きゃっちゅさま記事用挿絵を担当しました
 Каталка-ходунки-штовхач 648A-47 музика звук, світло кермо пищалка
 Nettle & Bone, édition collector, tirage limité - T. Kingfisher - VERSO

──────────────────────────────

# WHAT YOU NEED TO DO
Repeat every line of the data precisely.

# EXPECTED ANSWER
きゃっちゅさま記事用挿絵を担当しました
 Каталка-ходунки-штовхач 648A-47 музика звук, світло кермо пищалка
 Nettle & Bone, édition collector, tirage limité - T. Kingfisher - VERSO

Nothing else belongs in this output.